Camden Council proposes a 20mph area between Prince Albert Road-Parkway on the south, Camden High Street on the east, Camden Lock and the railway line on the north and Primrose Hill Road-Regents Park Road-Albert Terrace on the west side.
The 20 mph limit will be indicated by signs and support with traffic calming measures. And pedestrian crossings will be added.
– Provide a new zebra crossing on Primrose Hill Road, by the junction with Regent’s Park Road
– Provide a new raised crossing on Regent’s Park Road, by the junction with Chamberlain Street
– Provide a new raised crossing on Regent’s Park Road, by the junction with Berkley Road.
– Narrow the carriageway at Mornington Terrace at its junction with Delancey Street
– Remove the existing refuge island at St. Mark’s Square, by the junction with Regent’s Park Road, and build out the footway.
– Raise the existing zebra crossing on Primrose Hill Road, by the junction with Elsworthy Road.
– Raise the existing zebra crossing on Primrose Hill Road, by the junction with Ainger Road.
– Provide a new raised crossing on Gloucester Avenue, by the junction with Princess Road.
– Introduce road humps on King Henry’s Road.
Note: In October 2011, CCC was asked (by Tina Pancha, Transport Planner LB Camden) to say what we thinks needs to be addressed in Primrose Hill Area.
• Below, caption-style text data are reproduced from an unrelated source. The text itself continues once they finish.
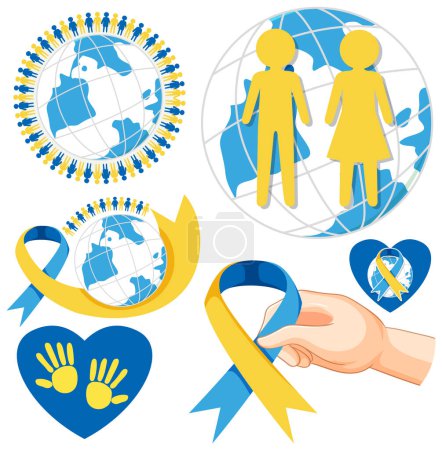 Téléchargez les photos : Illustration des symboles et icônes de sensibilisation au syndrome de Down - en image libre de droit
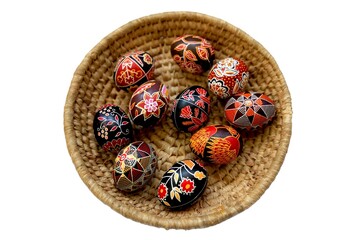 Basket of Ukrainian Easter Eggs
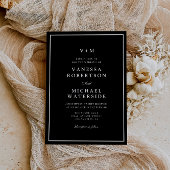 witte rand zwarte unieke QR-code bruiloft Kaart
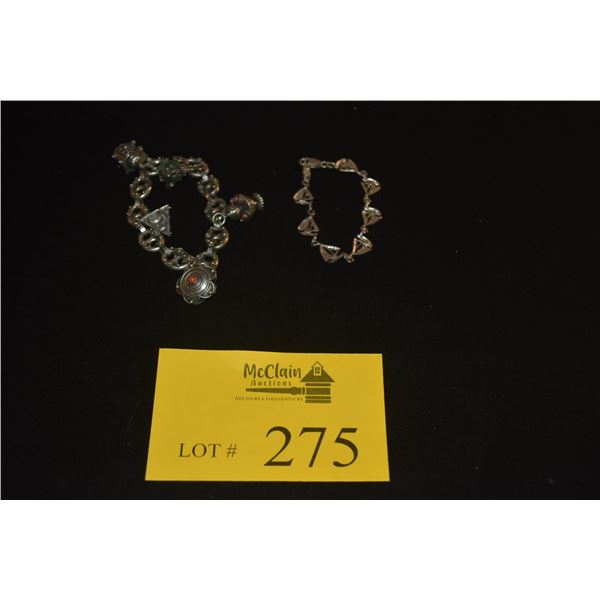 SILVER SAIL BOAT BRACELET & ETHNIC SILVER CHARM BRACELETS (BOTH TESTED) (2 PCS)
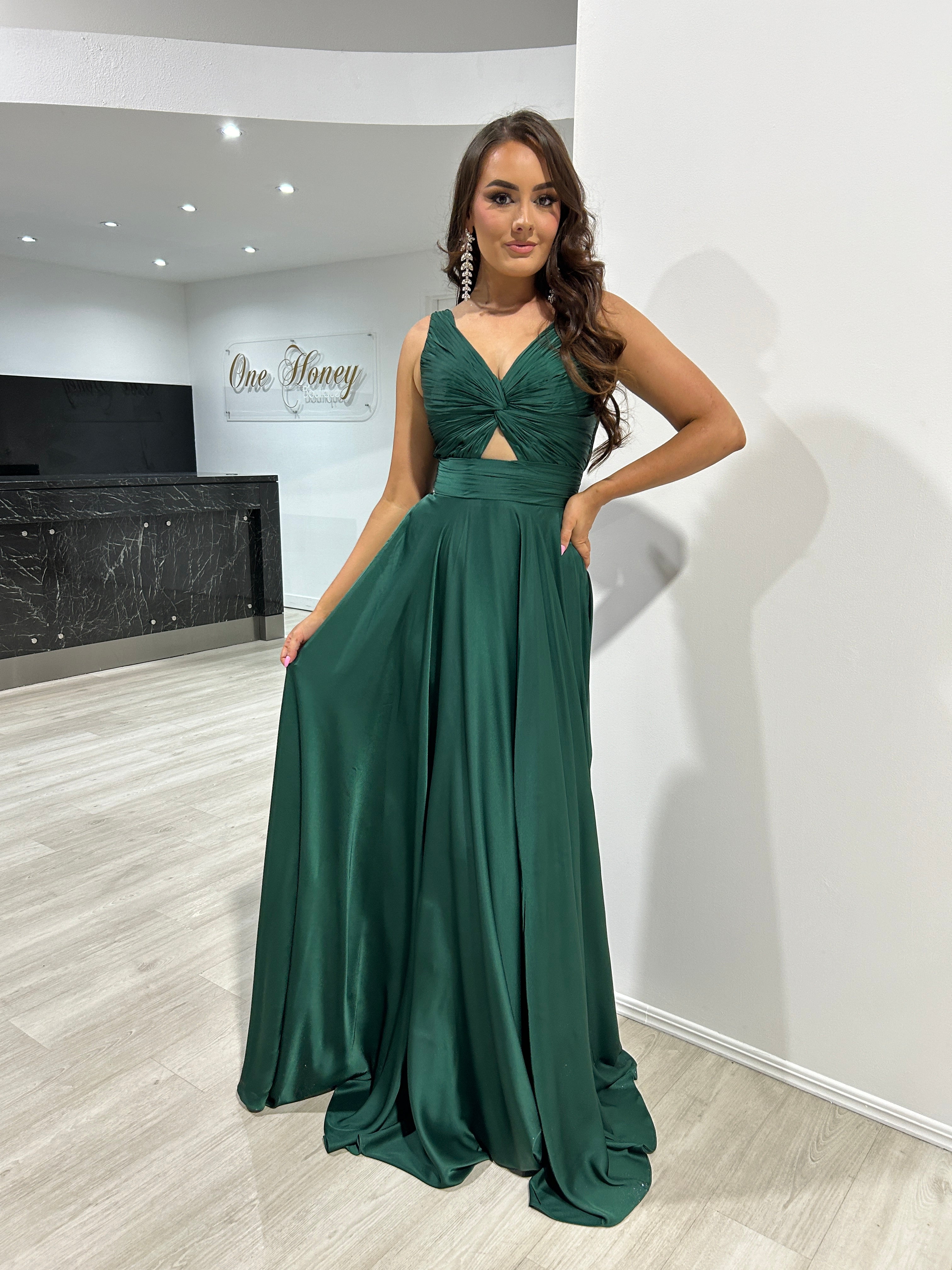 Model wearing Honey Couture WILLOWMENA emerald green keyhole A-line dress, from Australian designer. Perfect bridesmaid or evening gown.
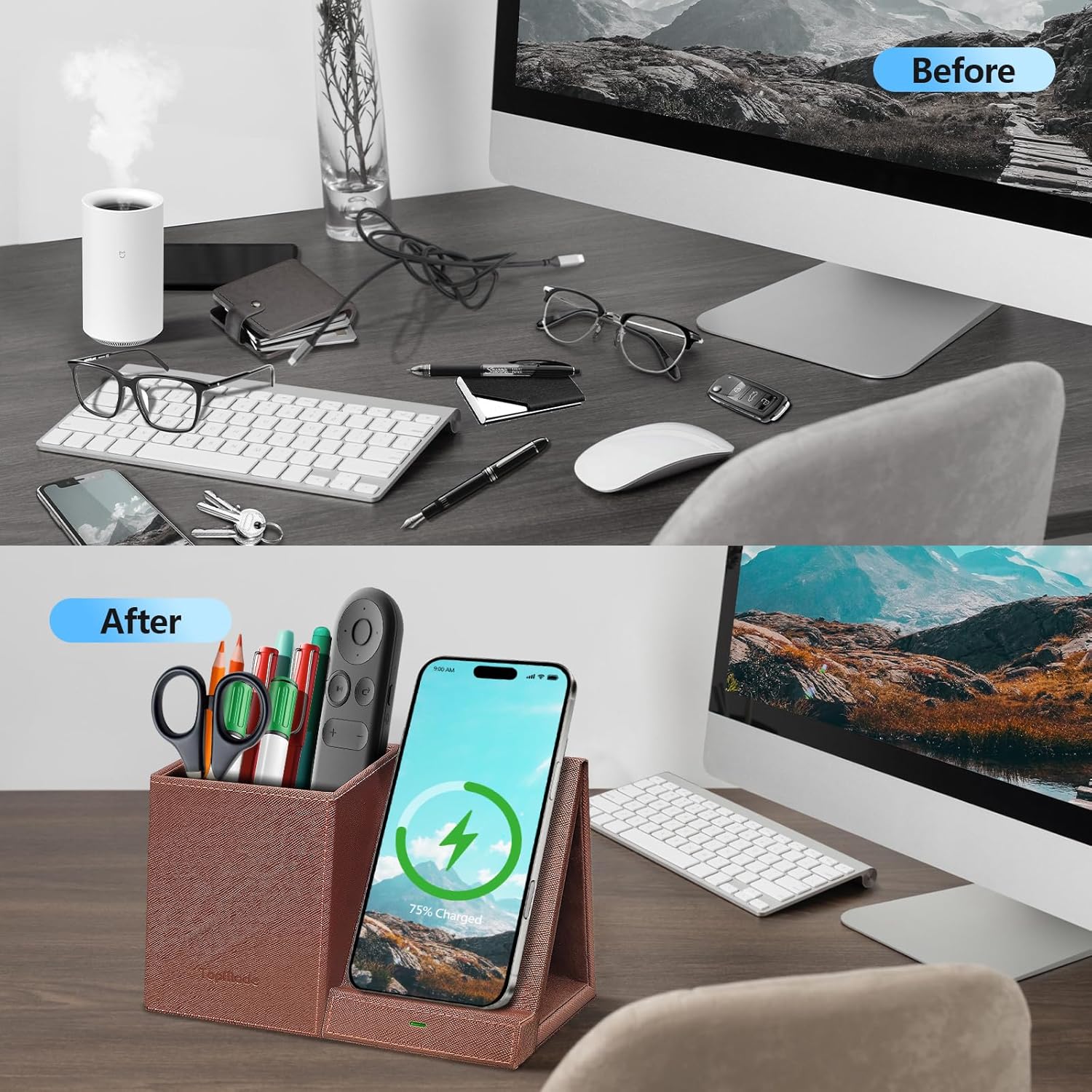 TopMade Wireless Charger with Pen Holder, Multi-functional Desktop Organizer and Storage, Home Office Supplies Desk Accessories, Pencil/Remote Holder with Fast Charging Phone Stand (Brown)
It is disappointing that none of our concerns has been addressed.
– constant width in Delancey Street
– proper 1.7m cycle lanes in Prince Albert Road
– reduce St Marks Square to two lanes to reduce speeding and provide contraflow cycling
This consultation from Camden Camden Council proposes a 20mph area between Prince Albert Road-Delancey Street on the south, Arlington Road on the east, Camden Lock and the railway line on the north and Primrose Hill Road-Regents Park Road-Albert Terrace on the west side.
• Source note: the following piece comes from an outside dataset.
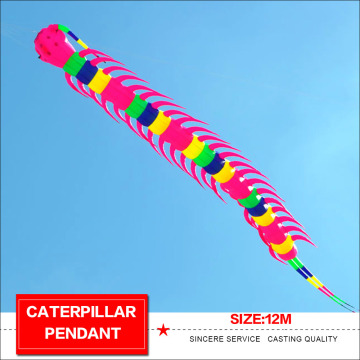 12m Caterpillar soft inflatable kite pendant for audlts outdoor fun large kite line laundry for free shipping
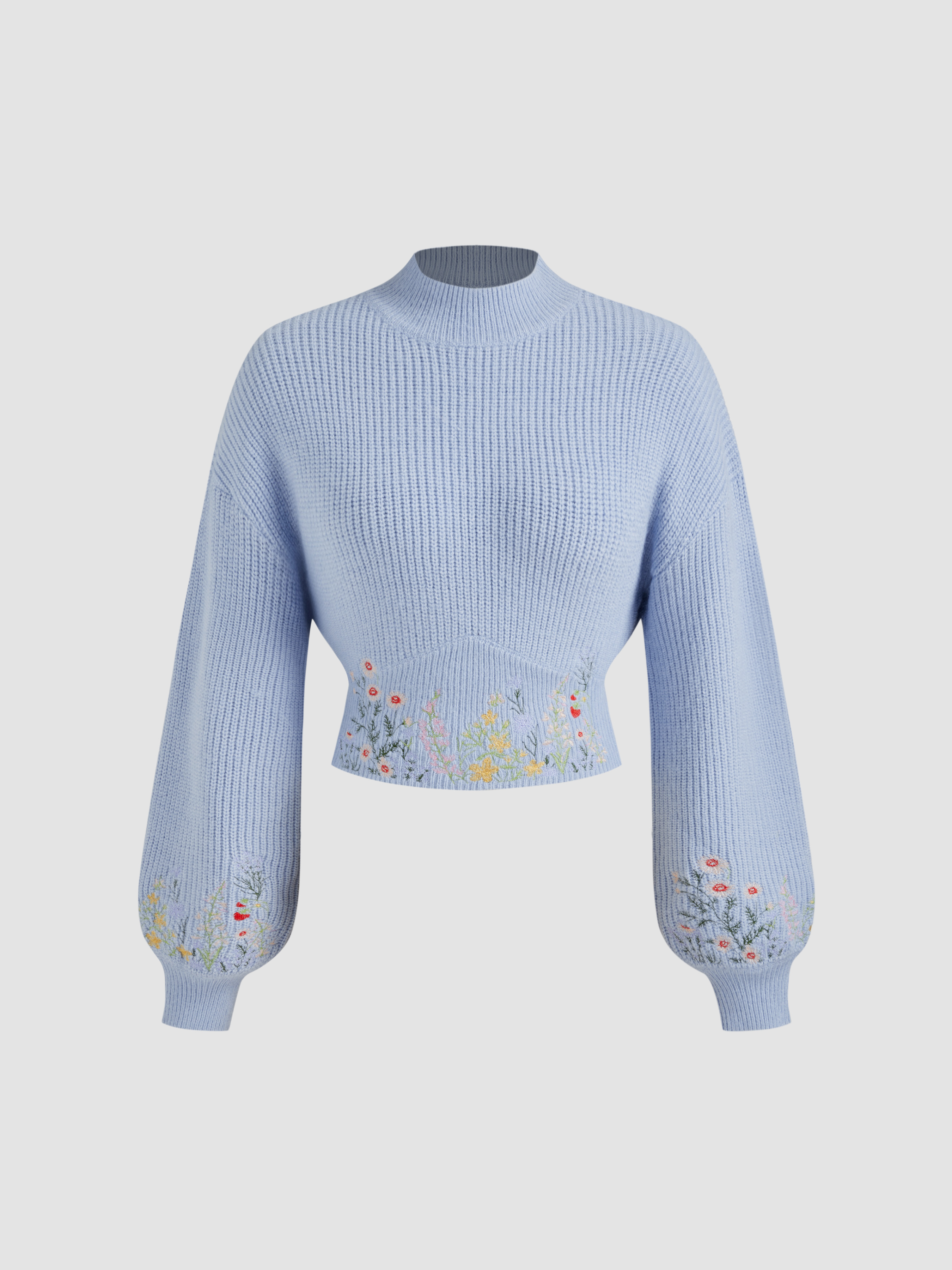 Knit Fabric Knit High Neck Floral Embroidery Crop Top For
I am writing on behalf of Camden Cycling Campaign, the local borough group of London Cycling Campaign (LCC). We have over 600 members and represent the interests of cyclists living or working in the borough of Camden. We consulted our members by email on this issue and this response reflects the views of the membership.
We are very supportive of the proposal for this 20 mph area because it should make the roads safer for people who walk and cycle, reduce pollution and improve the quality of life in the streets.
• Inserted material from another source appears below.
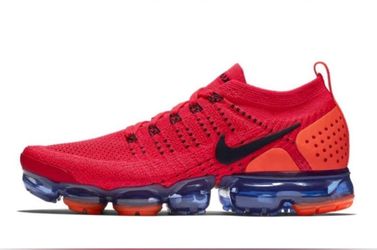 Nike Red Knit VaporMax with Black Swoosh and Blue Sole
We strongly support the traffic calming measures in King Henry’s Road and Gloucester Avenue which form part of an important local east-west cycle route. Similarly, traffic calming in Primrose Hill Road and Regents Park Road will be beneficial to many people who cycle that way.
We would like you to consider the following additional safety measures for cyclists:
Delancey Street: although not an official cycle route, many people need to cycle on Delancey Street. It’s characteristics are hazardous for cycling: it is two lanes wide with pinch points at the junctions of Arlington Road and Albert Road. We don’t believe that installing 20 mph signs will change motorists behaviour of rushing to get ahead on the wider parts of the road. We do, however, believe that reducing the road to a single lane of motor traffic and a wide cycle lane would be effective in reducing speeds. This idea is being proposed in Camden Town East, why not in the west as well?The build outs at the junction of Mornington Terrace may help a little in this respect.
Prince Albert Road: The section between Gloucester Gate and Albert Terrace has cycle lanes on both sides of the road for most of the way. These lanes should be made continuous all the way along both sides of the road and through the junctions. As they are well below the minimum width they should be increased to at least 1.7 m. The consequent narrowing of the road could help with speed reduction.
Junctions of Parkway/Prince Albert Road and Parkway /Oval Road: After emerging from Regents Park, is very difficult to negotiate this sequence of junctions on a cycle because there is no space in the road dedicated to cycles. This is a problem of congestion, rather than speed: space needs to be made for cycles.
St Marks Square: The southbound approach on St Marks Square has three traffic lanes; the two left-turn lanes are a potential hazard to cyclists. For safety, the road should be reduced to two southbound vehicle lanes, leaving room to make it two way either for all vehicles or for cycling. Either provision would form a cycle link between the Broadwalk via St Marks Bridge and Princess Road into Primrose Hill.
Please would you acknowledge receipt of this response; if you prefer a written submission please let me know. We would like to have a meeting with you to discuss the many safety concerns listed above.